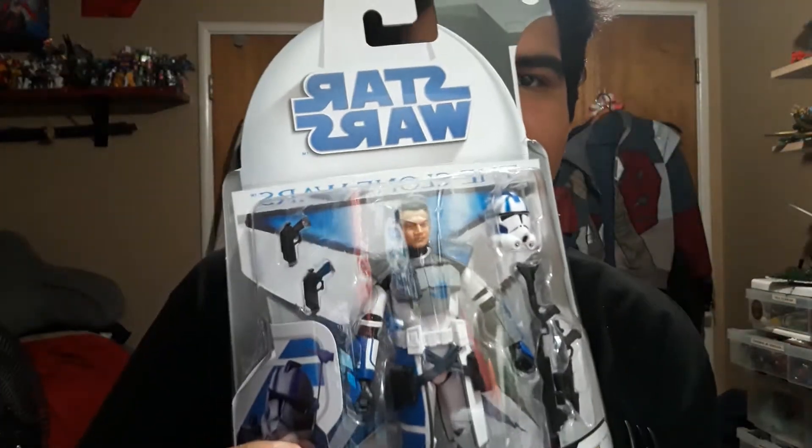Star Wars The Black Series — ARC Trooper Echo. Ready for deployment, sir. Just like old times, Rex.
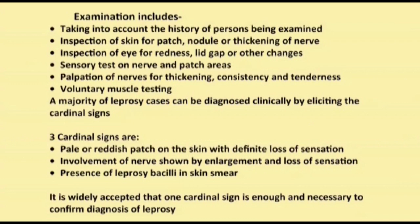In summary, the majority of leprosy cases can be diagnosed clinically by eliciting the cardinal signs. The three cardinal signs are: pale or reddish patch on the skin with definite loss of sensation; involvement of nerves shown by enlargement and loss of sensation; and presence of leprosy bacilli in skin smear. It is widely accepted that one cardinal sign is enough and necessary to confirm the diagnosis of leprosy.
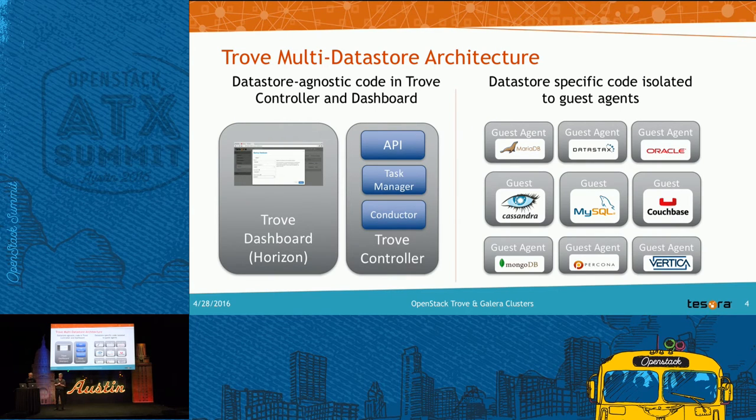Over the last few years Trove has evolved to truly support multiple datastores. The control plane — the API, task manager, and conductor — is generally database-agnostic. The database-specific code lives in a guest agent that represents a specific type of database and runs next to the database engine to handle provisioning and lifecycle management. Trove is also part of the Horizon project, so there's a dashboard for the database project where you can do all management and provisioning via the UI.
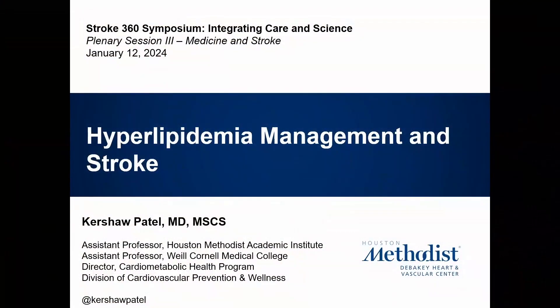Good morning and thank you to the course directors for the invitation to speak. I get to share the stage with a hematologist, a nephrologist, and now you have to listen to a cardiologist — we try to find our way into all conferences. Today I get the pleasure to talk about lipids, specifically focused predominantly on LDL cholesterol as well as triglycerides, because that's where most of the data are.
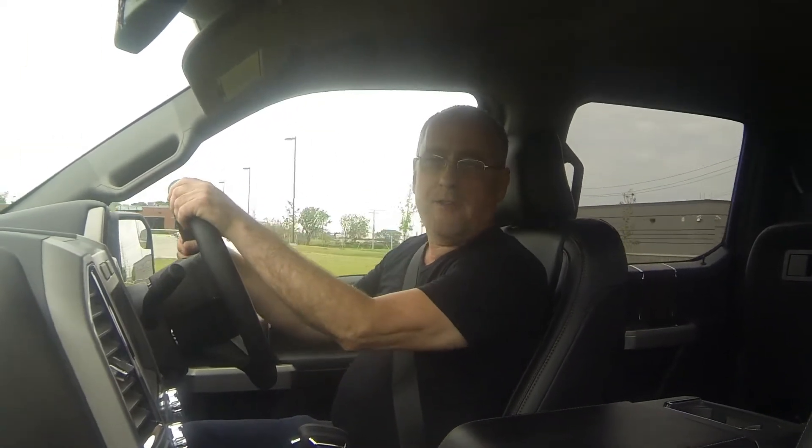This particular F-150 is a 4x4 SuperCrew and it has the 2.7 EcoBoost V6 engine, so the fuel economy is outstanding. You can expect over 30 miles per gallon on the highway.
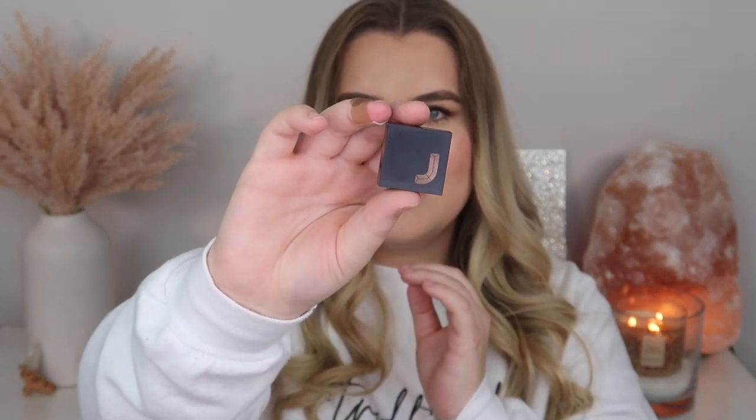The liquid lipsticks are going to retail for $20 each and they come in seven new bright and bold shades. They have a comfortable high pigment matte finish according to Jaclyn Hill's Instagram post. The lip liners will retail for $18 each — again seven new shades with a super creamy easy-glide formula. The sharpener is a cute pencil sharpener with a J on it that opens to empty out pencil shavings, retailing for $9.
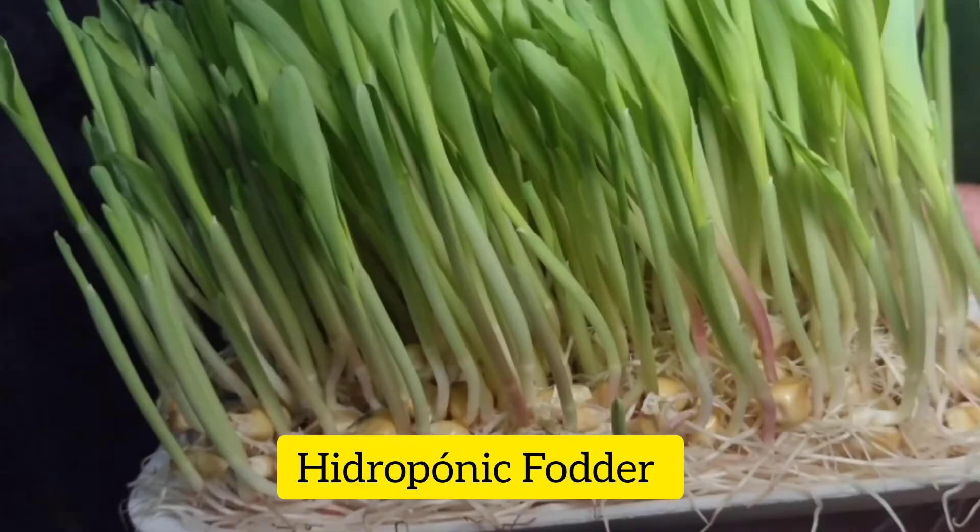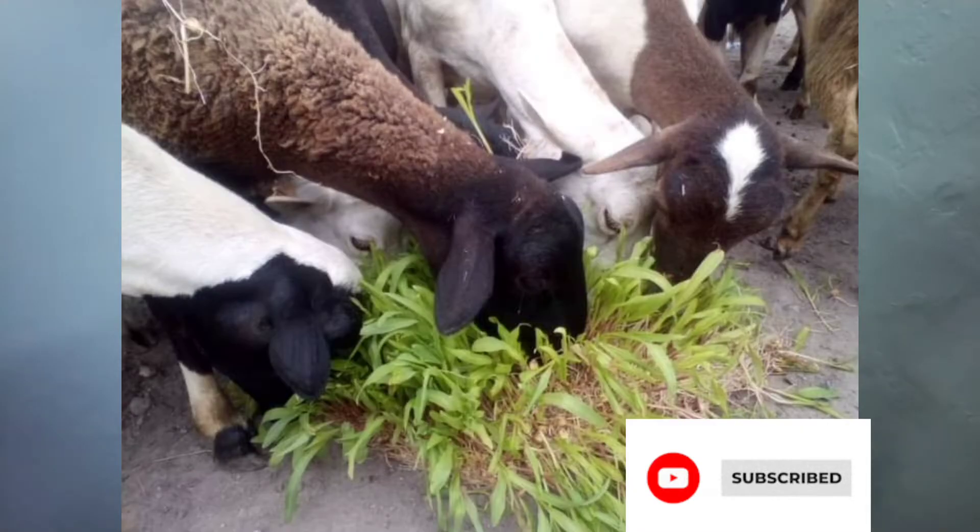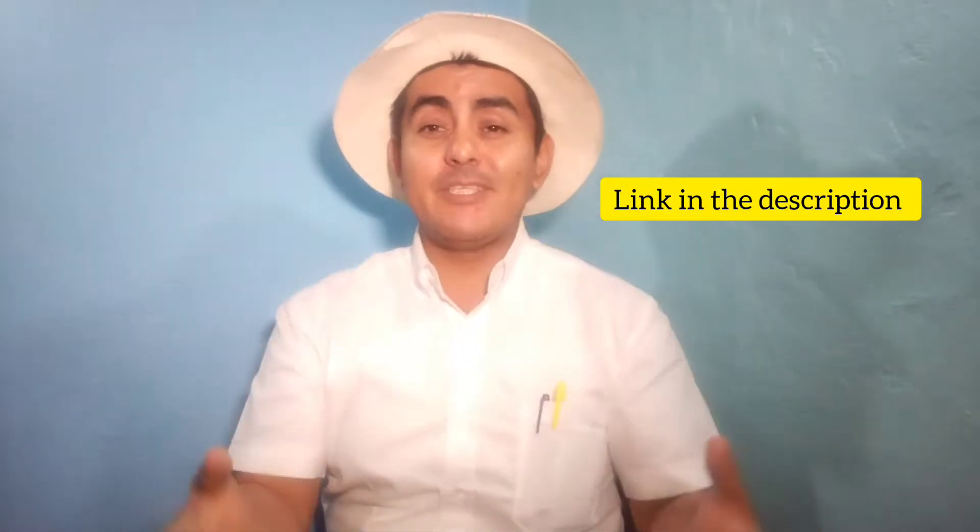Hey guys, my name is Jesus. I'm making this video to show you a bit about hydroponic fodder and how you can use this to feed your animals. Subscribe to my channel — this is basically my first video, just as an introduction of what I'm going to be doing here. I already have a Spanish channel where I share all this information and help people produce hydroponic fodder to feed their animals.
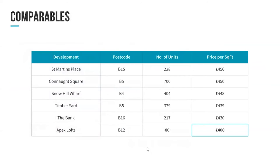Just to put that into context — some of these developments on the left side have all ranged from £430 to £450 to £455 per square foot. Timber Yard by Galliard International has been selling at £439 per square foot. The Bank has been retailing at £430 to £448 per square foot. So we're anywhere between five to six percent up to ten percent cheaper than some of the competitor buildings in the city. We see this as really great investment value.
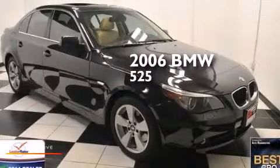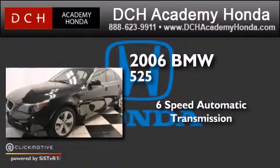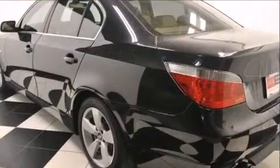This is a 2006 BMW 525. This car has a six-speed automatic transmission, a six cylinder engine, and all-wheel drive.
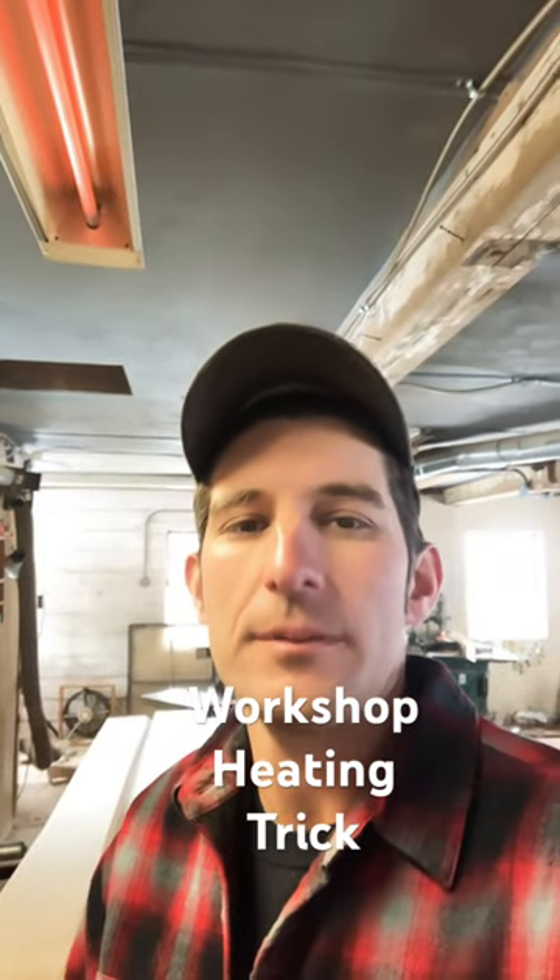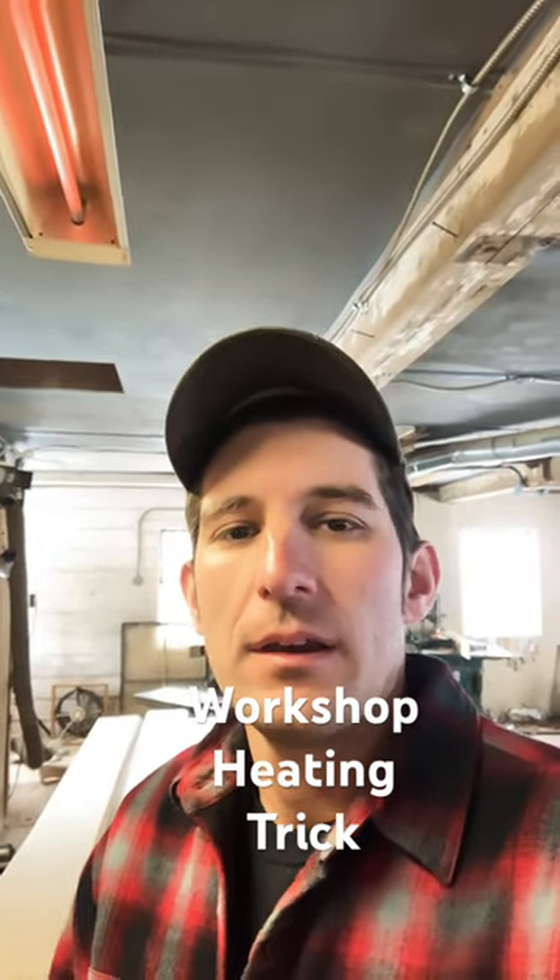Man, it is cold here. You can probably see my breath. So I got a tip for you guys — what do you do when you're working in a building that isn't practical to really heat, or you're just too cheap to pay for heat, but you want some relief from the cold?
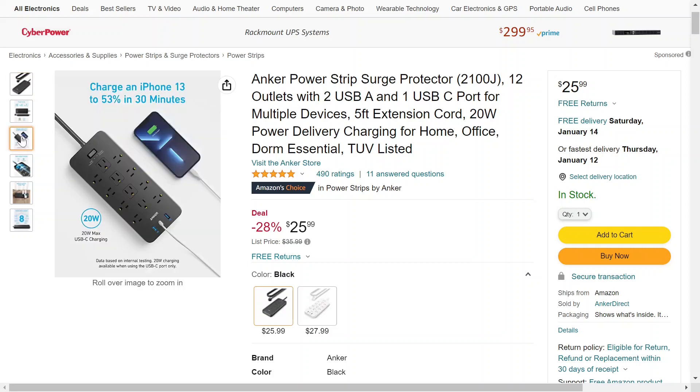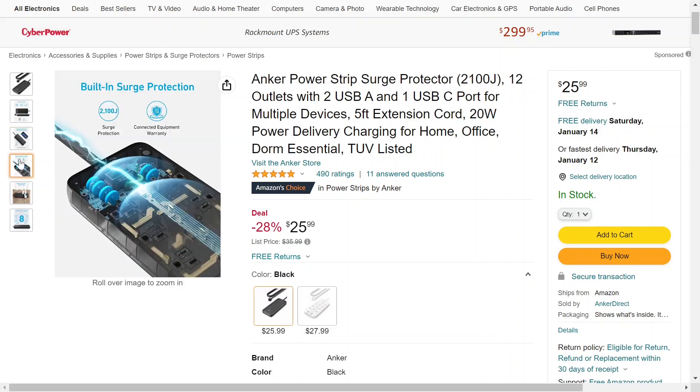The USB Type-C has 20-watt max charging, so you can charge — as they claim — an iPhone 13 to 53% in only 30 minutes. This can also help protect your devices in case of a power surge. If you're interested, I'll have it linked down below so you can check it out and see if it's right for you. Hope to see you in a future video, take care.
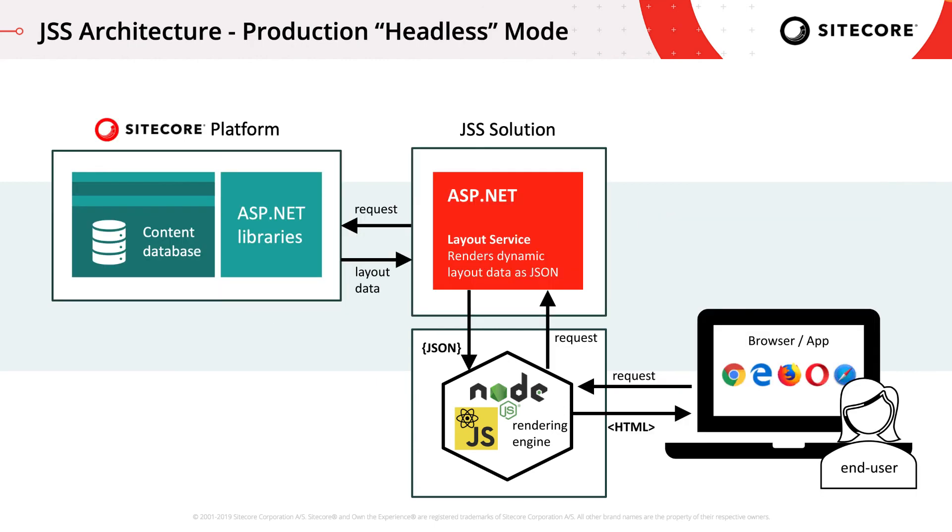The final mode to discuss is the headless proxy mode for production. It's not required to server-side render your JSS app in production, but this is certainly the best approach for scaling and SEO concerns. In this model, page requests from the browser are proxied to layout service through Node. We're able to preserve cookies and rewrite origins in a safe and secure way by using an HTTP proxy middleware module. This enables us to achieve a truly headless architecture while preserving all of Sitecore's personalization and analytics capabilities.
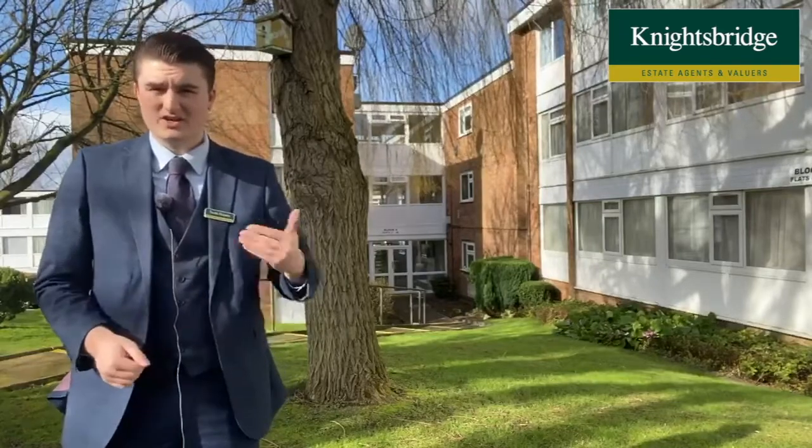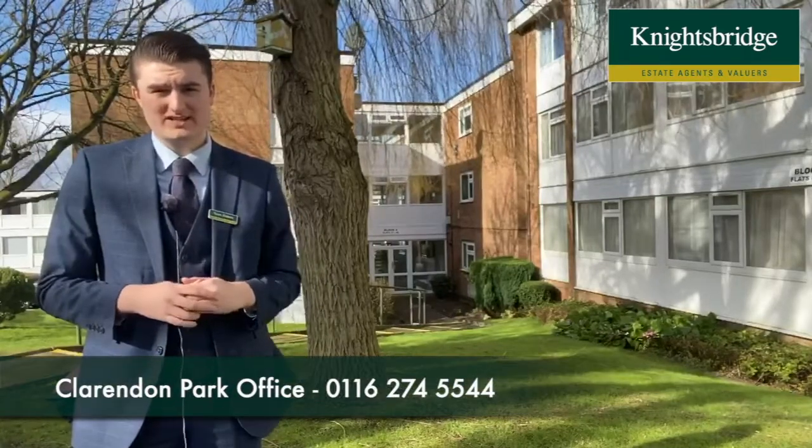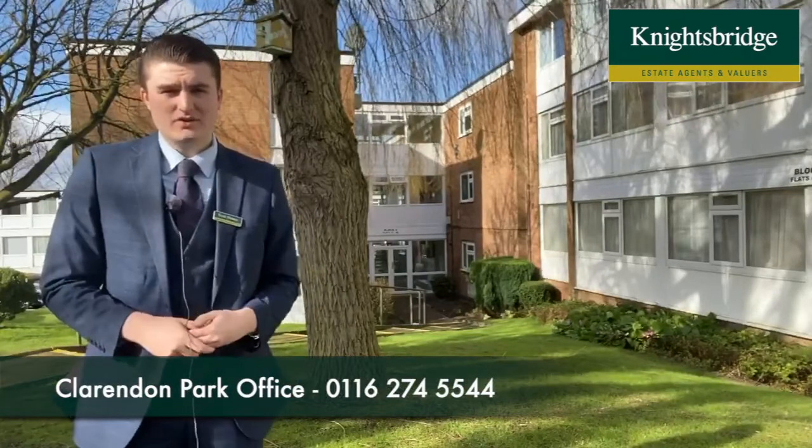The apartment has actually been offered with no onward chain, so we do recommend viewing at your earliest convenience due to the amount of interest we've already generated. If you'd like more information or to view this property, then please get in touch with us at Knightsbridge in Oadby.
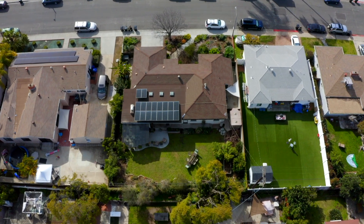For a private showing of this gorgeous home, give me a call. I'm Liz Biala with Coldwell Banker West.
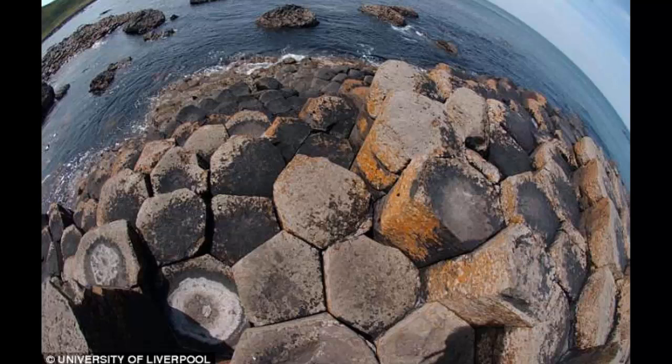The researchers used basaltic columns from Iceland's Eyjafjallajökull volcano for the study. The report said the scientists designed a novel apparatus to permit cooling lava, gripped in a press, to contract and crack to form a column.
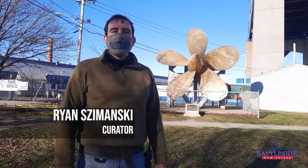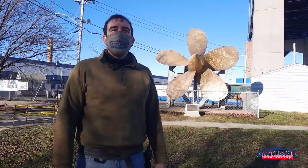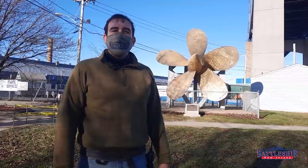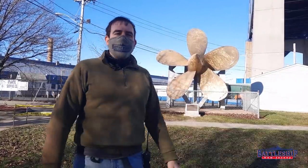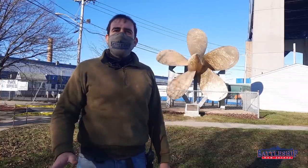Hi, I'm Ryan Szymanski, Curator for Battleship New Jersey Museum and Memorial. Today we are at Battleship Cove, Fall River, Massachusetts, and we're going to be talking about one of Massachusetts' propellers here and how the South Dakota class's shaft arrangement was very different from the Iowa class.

====

Your task is to repeat exactly the lines from the beginning of the data to the line that contains "In summary, the", both ends included, leaving out pictures.

**Response box:**
Star Wars The Black Series — ARC Trooper Echo. Ready for deployment, sir. Just like old times, Rex.
In summary, the majority of leprosy cases can be diagnosed clinically by eliciting the cardinal signs. The three cardinal signs are: pale or reddish patch on the skin with definite loss of sensation; involvement of nerves shown by enlargement and loss of sensation; and presence of leprosy bacilli in skin smear. It is widely accepted that one cardinal sign is enough and necessary to confirm the diagnosis of leprosy.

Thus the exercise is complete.